Von Matthias Schmid, Stuttgart

Irgendwann hatte Tommy Haas genug und gab entnervt auf. Er war bereit, die Forderungen zu begleichen. Die Gegenseite hatte geschickt verhandelt, teils sehr emotional und mit ganzem Körpereinsatz. Haas spendierte also Eis für alle, für seine drei Neffen und Nichten und seine Tochter Valentina. Es war der Lohn dafür, dass sie ihn zuvor so leidenschaftlich von der Tribüne aus unterstützt hatten.

Dass er nicht nur zum Tennisspielen auf den Stuttgarter Killesberg gekommen ist konnte man sehr gut nach der Pressekonferenz am Mittwochabend beobachten. Haas, 39, muss nebenbei auch eine Großfamilie bei Laune halten. Und er beherrscht das genauso gut wie das Spiel an sich, das bewies sein erstaunlicher Dreisatzsieg gegen Roger Federer in der zweiten Runde des Stuttgarter Rasenturniers.

Er hat in der Tenniswelt ein kleines Beben ausgelöst. Haas hatte in diesem Jahr nur die Hälfte seiner acht Spiele auf der Tour gewinnen können, von zwei Siegen nacheinander war er nach seiner Rückkehr auf die Profitour sogar so weit entfernt wie Philipp Kohlschreiber vom Wimbledonsieg. Ein Jahr hatte Haas wegen einer Fußoperation aussetzen müssen. "Ich habe mich ein bisschen selbst geschockt", sagte Haas und fügte staunend hinzu: "Ich bin ein bisschen sprachlos. Es ist schwierig, Worte zu finden. Ich werde noch eine Weile brauchen, um zu begreifen, was da gerade auf dem Court passiert ist."
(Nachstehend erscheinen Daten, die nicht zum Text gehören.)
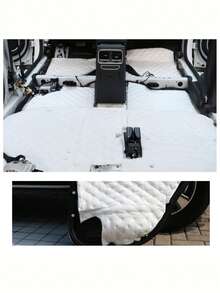 Car Heat Insulation Soundproofing Insulation Pad, Double-Layer Noise Reduction Soundproofing Tube Foam, Self-Adhesive Sound-Absorbing Cotton Sheet, Suitable For HVAC, Machines, Windows, Walls, Doors Soundproofing And Sound-Absorbing Panels, Suitable For Car Hood, Engine, Roof, Doors And Trunk - B - View 4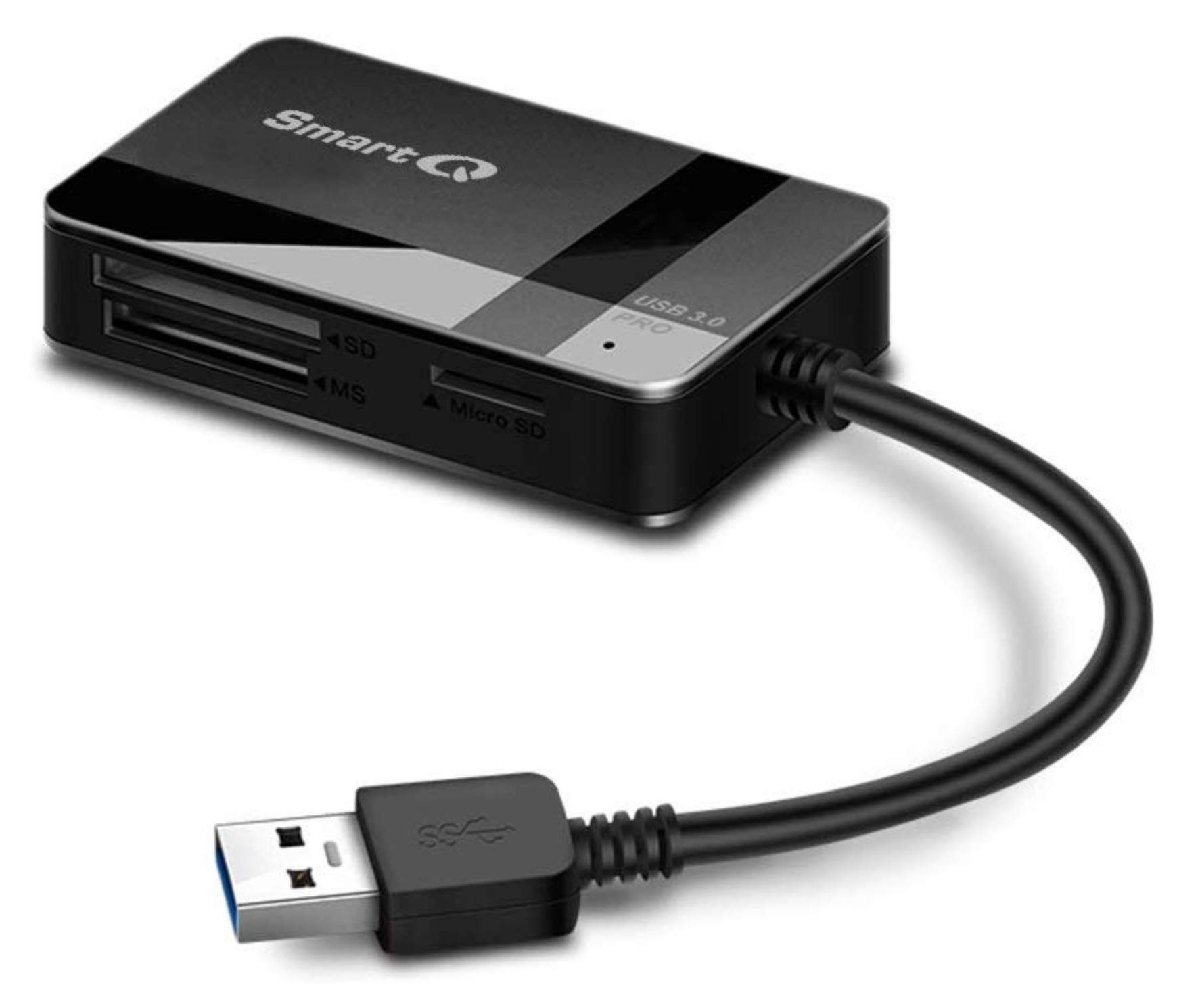 C368 USB 3.0 Multi-Card Reader, Plug N Play, Apple and Windows Compatible, Powered by USB, Supports CF/SD/SDHC/SCXC/MMC/MMC Micro, etc.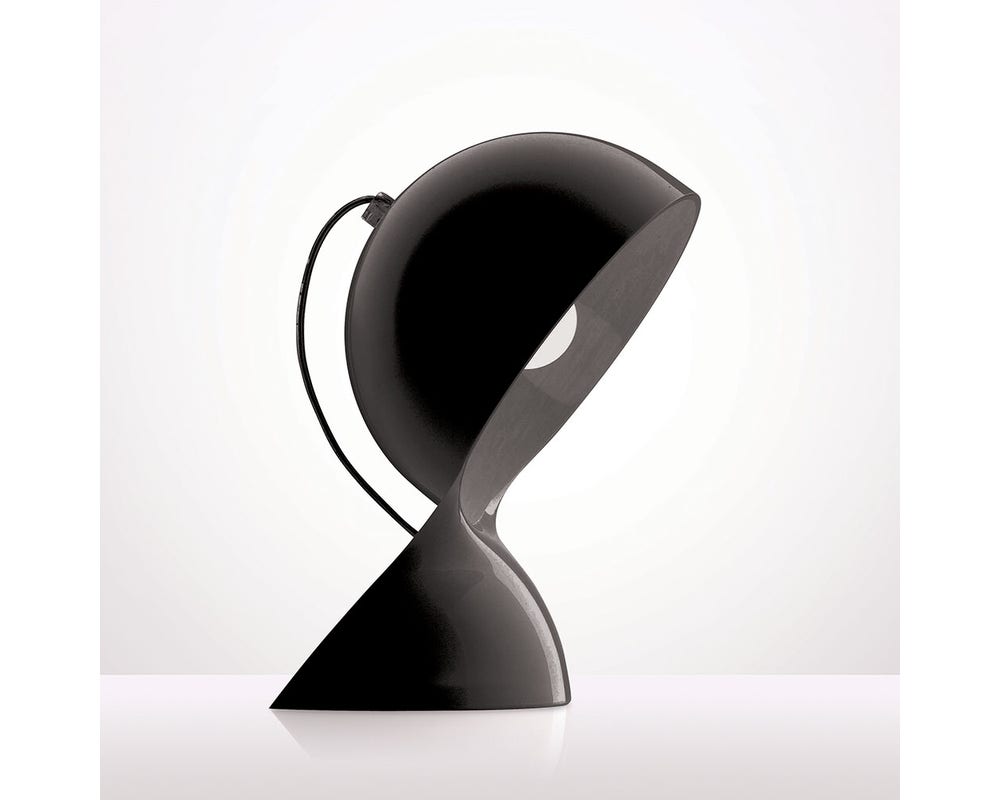 Artemide Dalu Lampada Da Tavolo - Design Moderno In Vetro Bianco 100W - Foto 7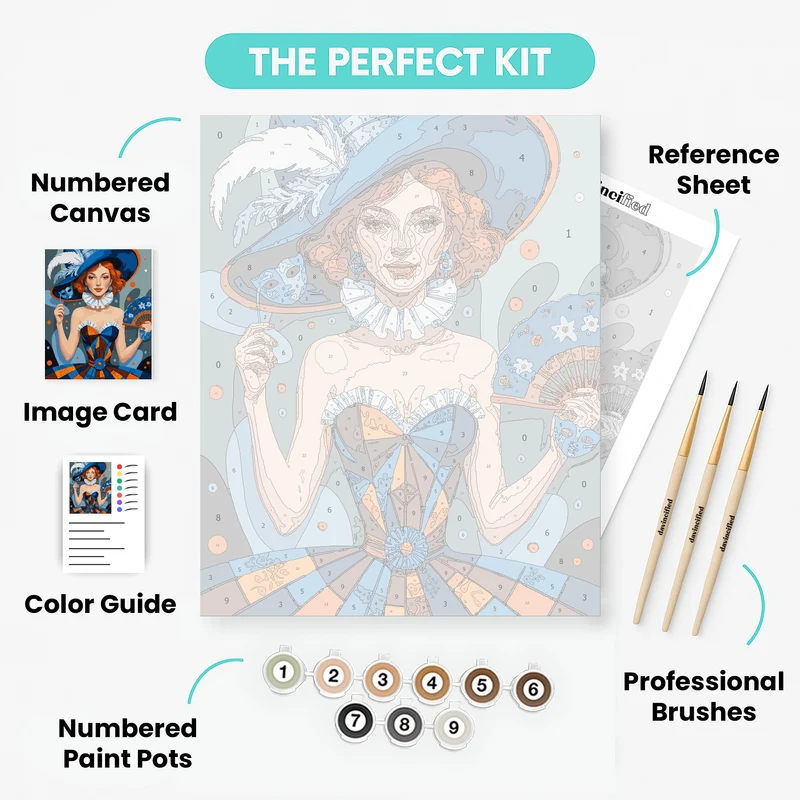 Carnival Masquerade Beauty - Paint by Numbers Kit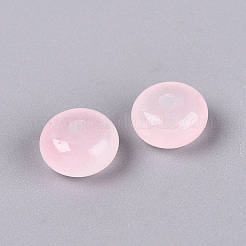 Perles de verre imitation jade peintes à la cuisson&nbsp;GL-N006-01B-07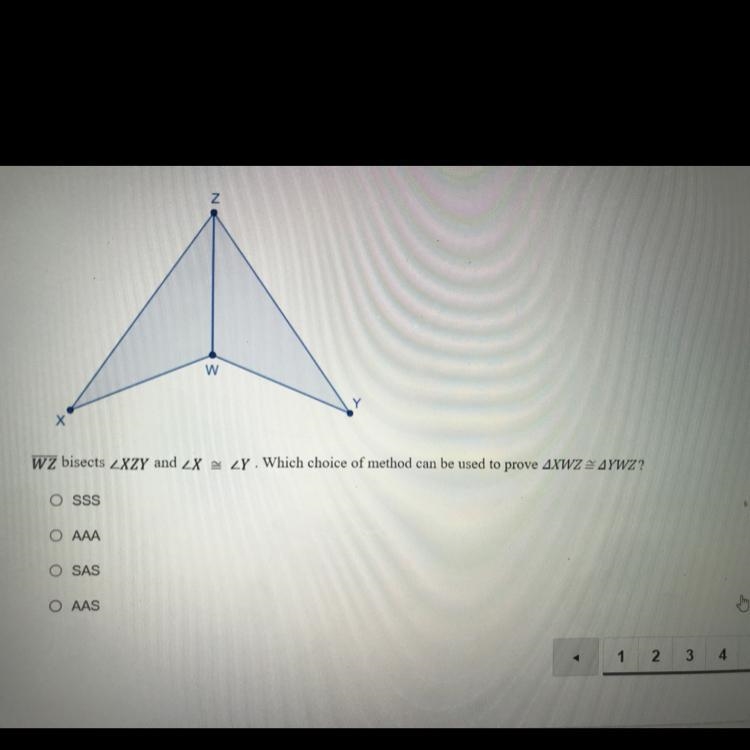 Which choice of method can be used to prove XWZ=YWZ-example-1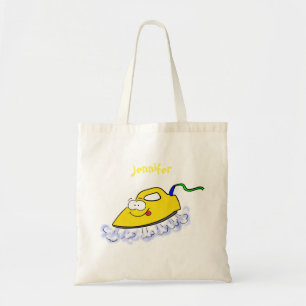Bolsa Tote Imagem engraçada da lavanderia de ferro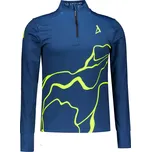 Pánská sportovní mikina premium plus ALTISPORT VOJ/ALM073MI04 NAVY-FLUO YELLOW M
Das Tennisspielen ist ihm vorher definitiv leichter gefallen, als hinterher seinen Coup im fast biblischen Tennisalter erklären zu müssen. Haas, in der Weltrangliste auf Position 302 abgefallen, könnte im nächsten Jahr schon für die Herren-40-Mannschaft vom Tennisklub Grün-Weiß Mannheim spielen, für den er dieses Jahr noch in der Männer-Bundesliga auflaufen wird. Dass er vom Senioren-Tennis spielerisch allerdings weit entfernt ist, konnten die 6000 Zuschauer auf dem ausverkauften Center-Court erleben.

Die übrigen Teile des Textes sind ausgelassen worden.